*YOUR OBJECTIVE*. Every line below from the one with "Closure London Utility" through the one with "topograficzna 1:160 000." is to be repeated exactly, with no picture among them.

*PROVIDED RECORDS*.
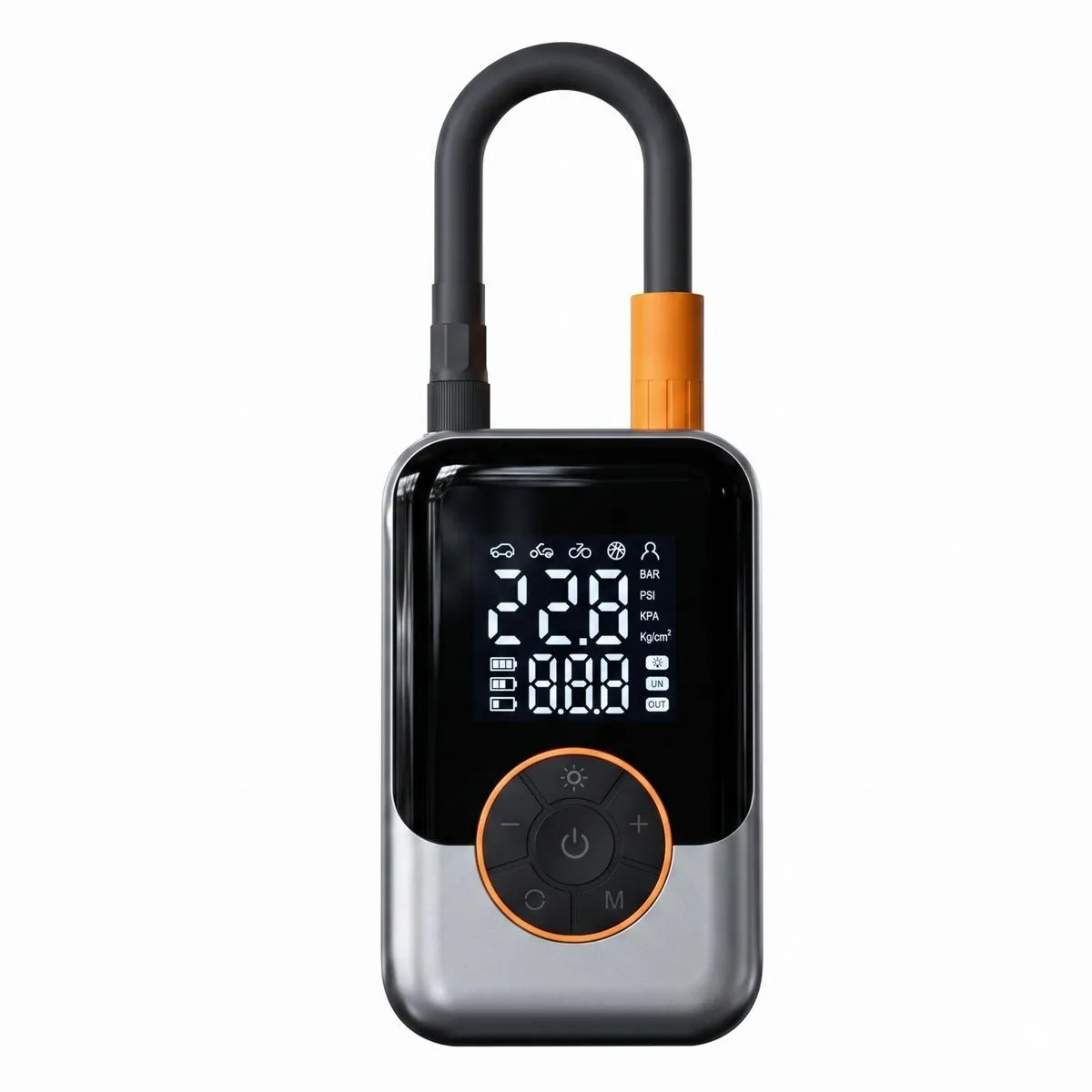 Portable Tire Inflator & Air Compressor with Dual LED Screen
* * *
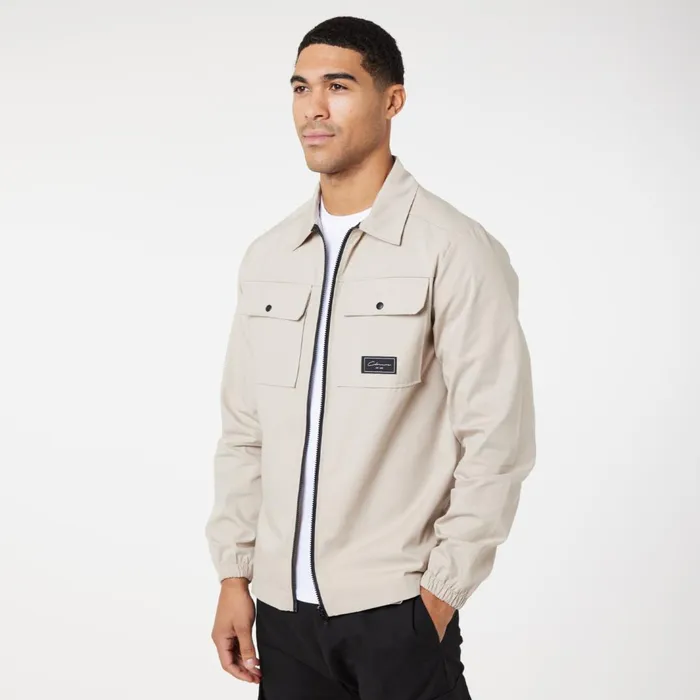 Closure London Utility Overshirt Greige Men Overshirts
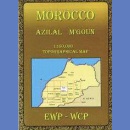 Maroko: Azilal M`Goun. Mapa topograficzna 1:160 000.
...
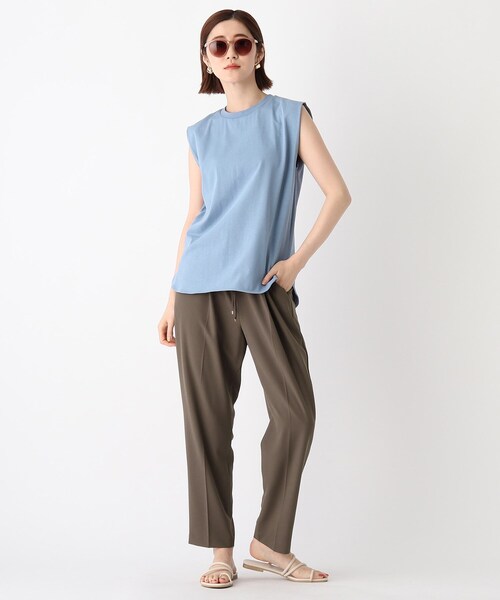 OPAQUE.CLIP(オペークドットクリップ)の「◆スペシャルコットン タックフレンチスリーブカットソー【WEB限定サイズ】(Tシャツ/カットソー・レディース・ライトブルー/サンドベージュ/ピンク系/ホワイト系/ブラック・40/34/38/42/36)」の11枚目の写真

*RESPONSE BELOW*.
 Closure London Utility Overshirt Greige Men Overshirts
 Maroko: Azilal M`Goun. Mapa topograficzna 1:160 000.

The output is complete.